WHAT IS BEING ASKED: Print only the lines below from the one with "Wedding Renewal Card" to the one with "Armless Swivel Office", both included, exactly as they stand. Leave pictures out.

RECORDS PROVIDED:
____________
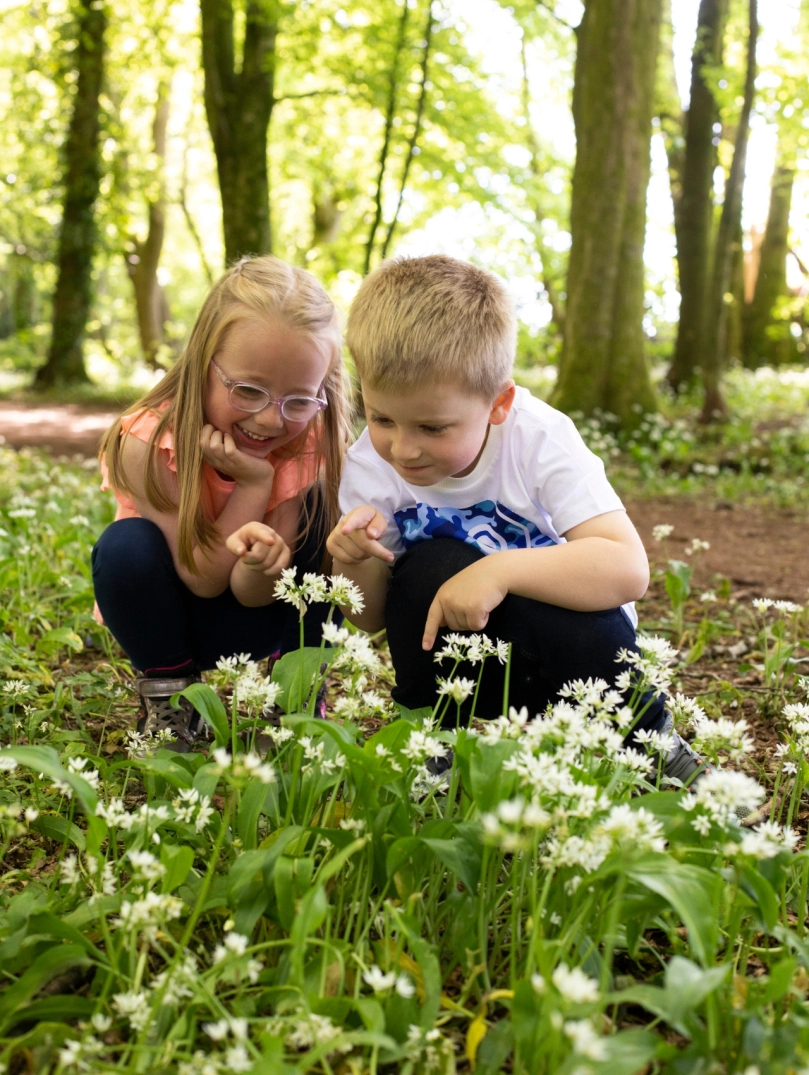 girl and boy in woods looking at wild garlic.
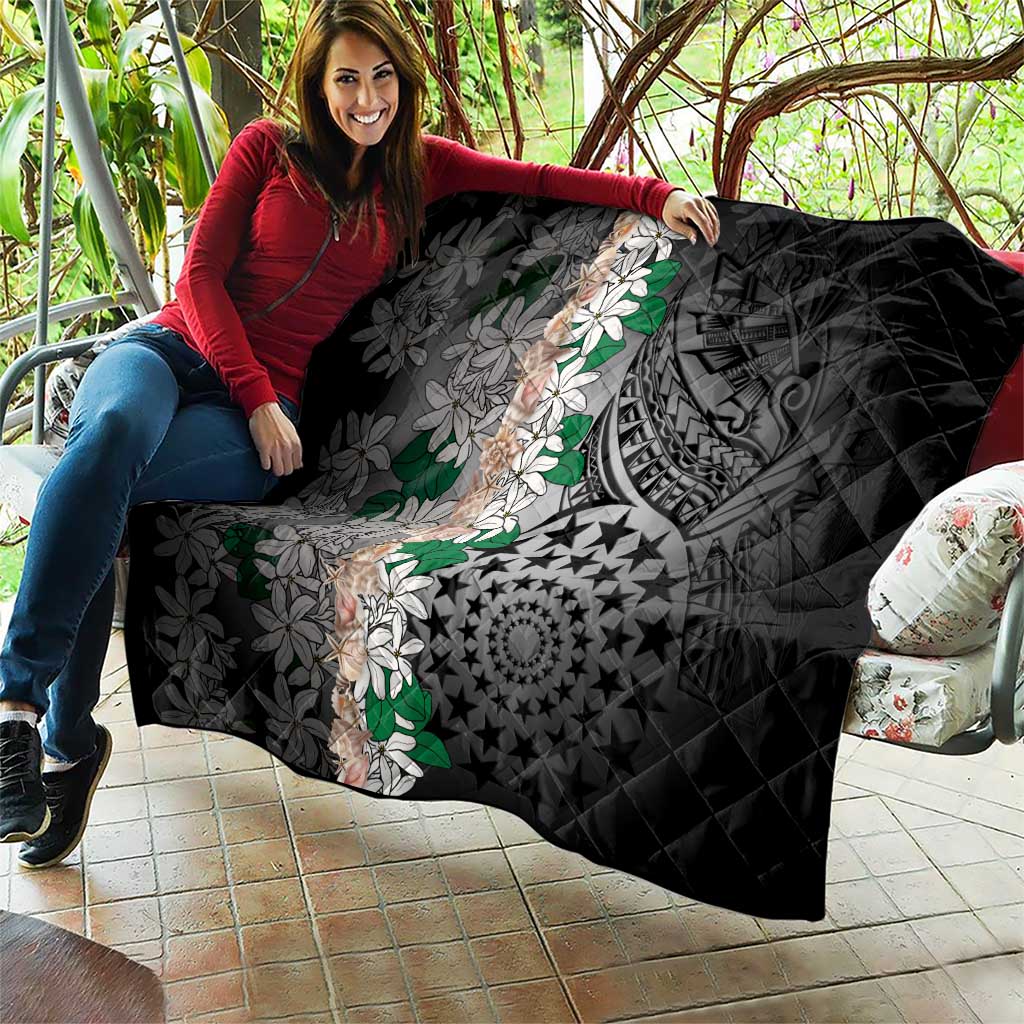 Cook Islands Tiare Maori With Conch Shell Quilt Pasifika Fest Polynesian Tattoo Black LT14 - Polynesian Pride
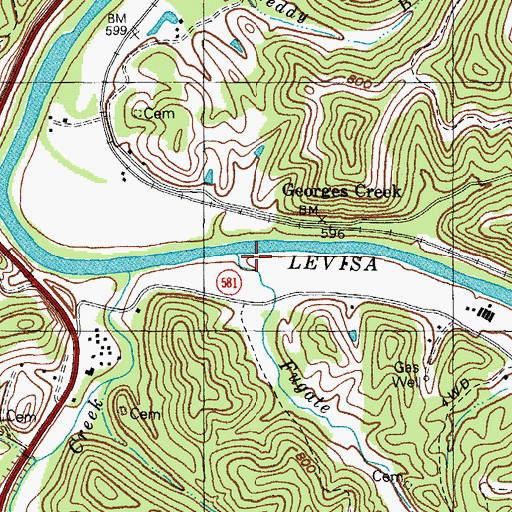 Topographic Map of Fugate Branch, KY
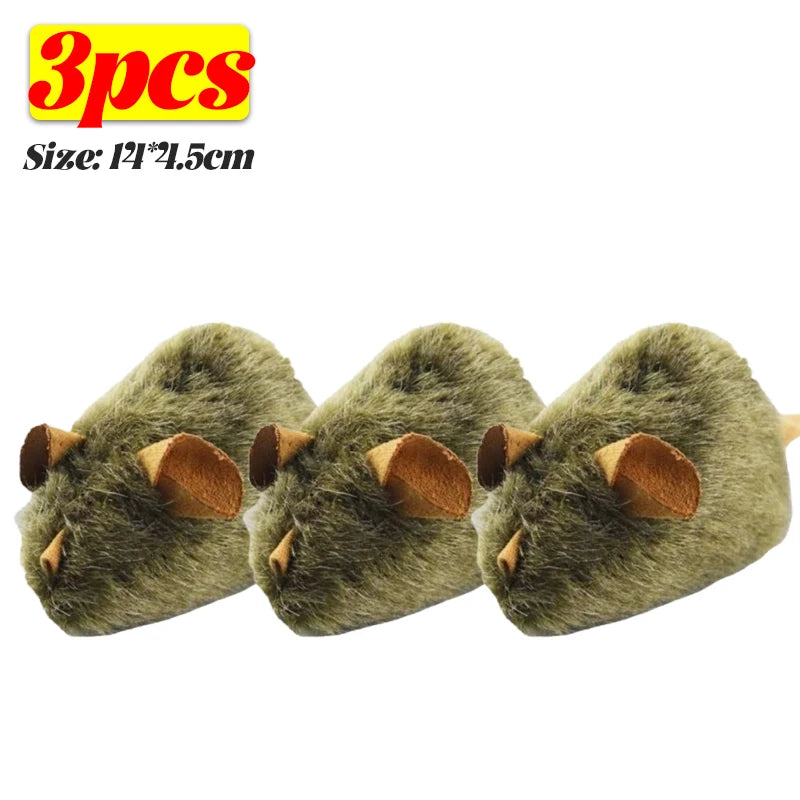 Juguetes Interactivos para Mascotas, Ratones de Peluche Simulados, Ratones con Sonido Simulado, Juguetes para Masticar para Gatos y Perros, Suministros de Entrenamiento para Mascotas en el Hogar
____________
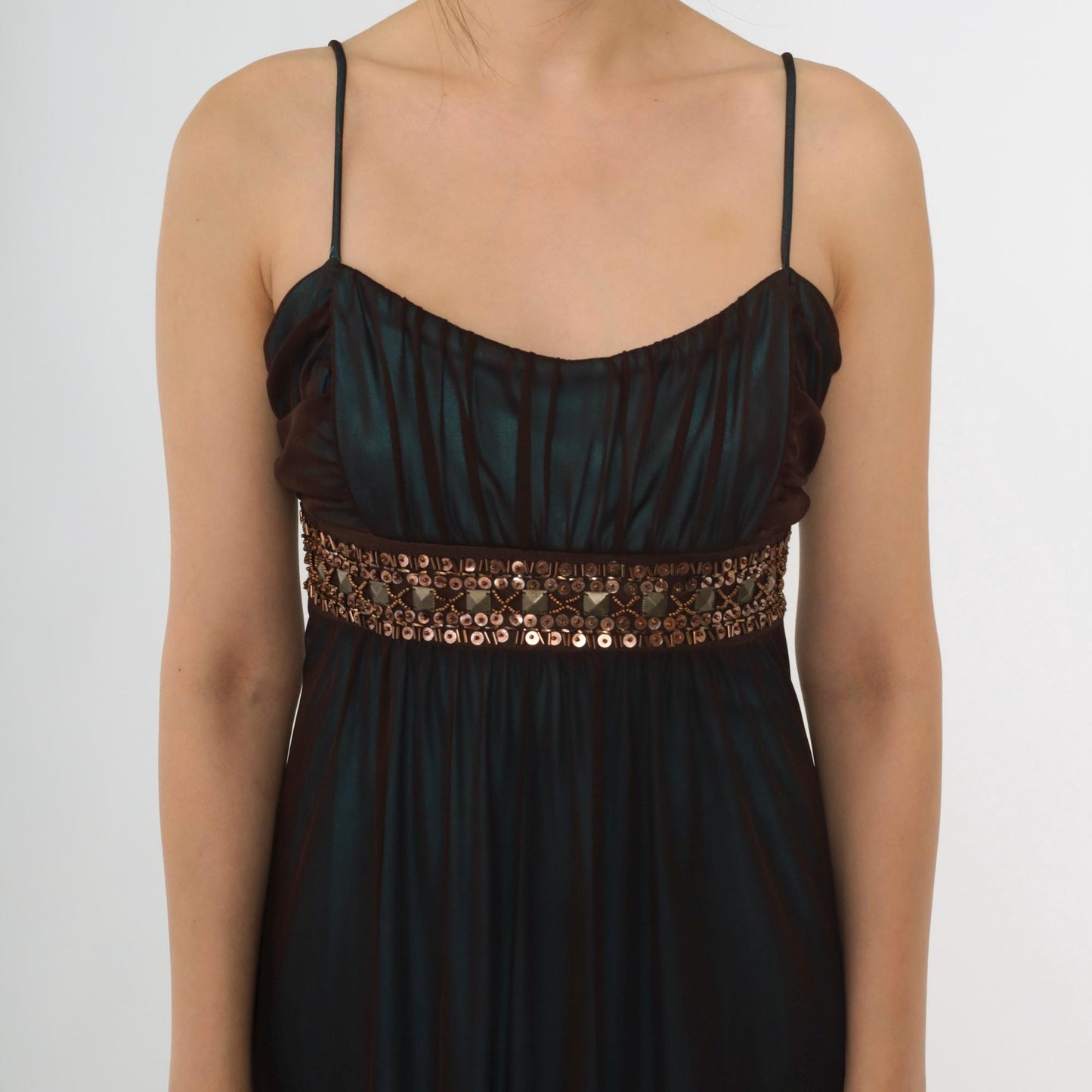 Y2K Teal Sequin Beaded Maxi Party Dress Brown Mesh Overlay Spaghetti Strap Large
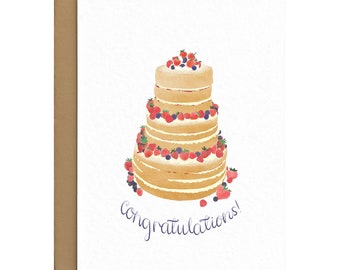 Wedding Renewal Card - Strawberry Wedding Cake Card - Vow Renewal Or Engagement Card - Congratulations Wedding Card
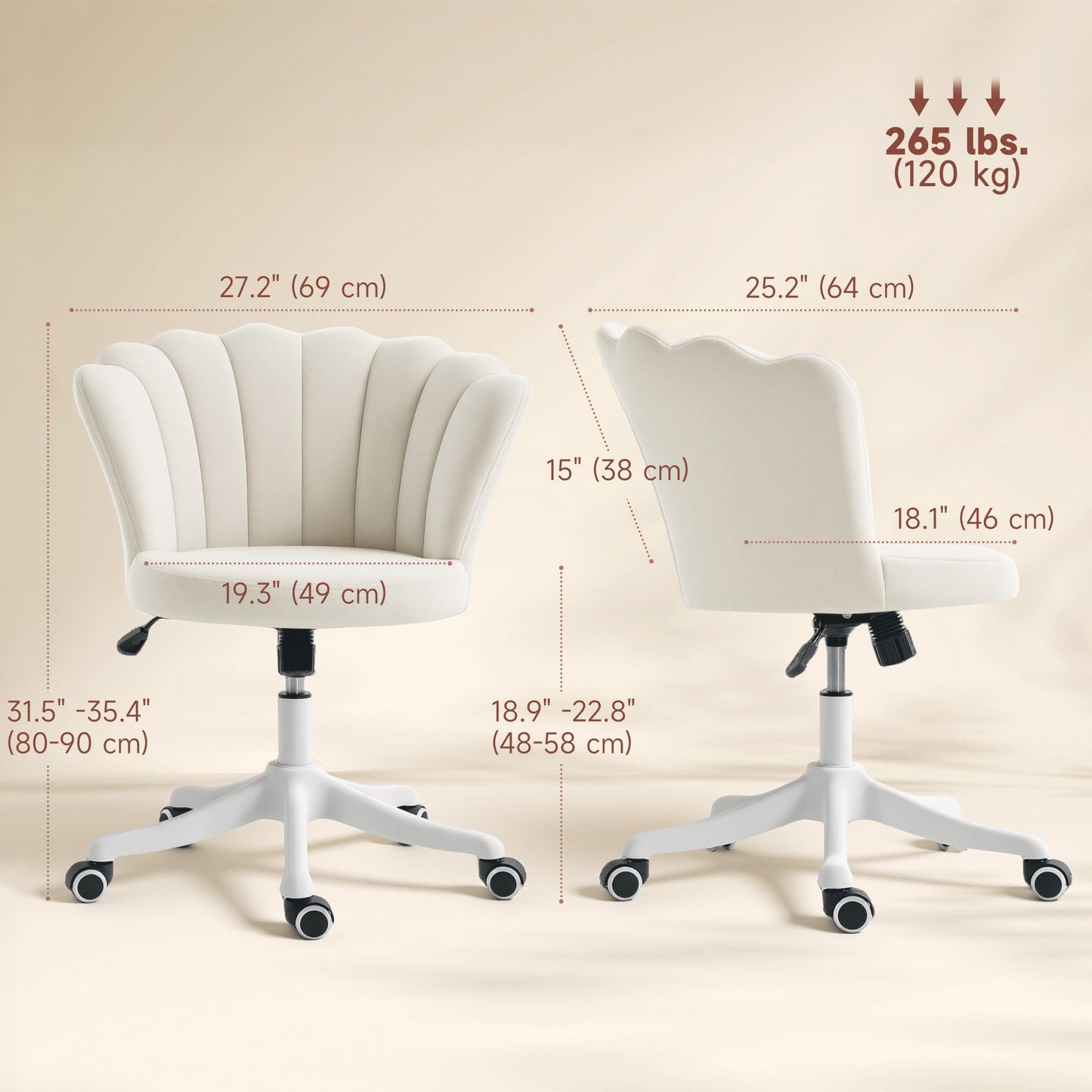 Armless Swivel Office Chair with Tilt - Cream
____________
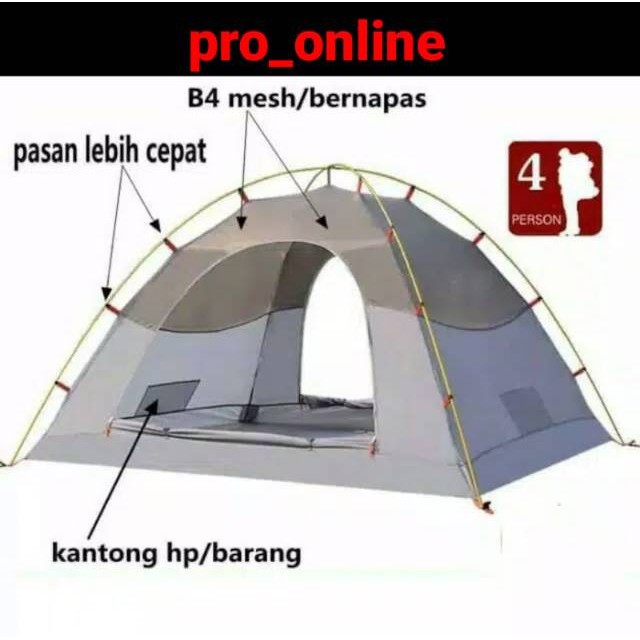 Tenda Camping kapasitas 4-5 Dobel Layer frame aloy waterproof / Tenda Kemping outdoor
____________
RESPONSE TO THIS EXERCISE:
 Wedding Renewal Card - Strawberry Wedding Cake Card - Vow Renewal Or Engagement Card - Congratulations Wedding Card
 Armless Swivel Office Chair with Tilt - Cream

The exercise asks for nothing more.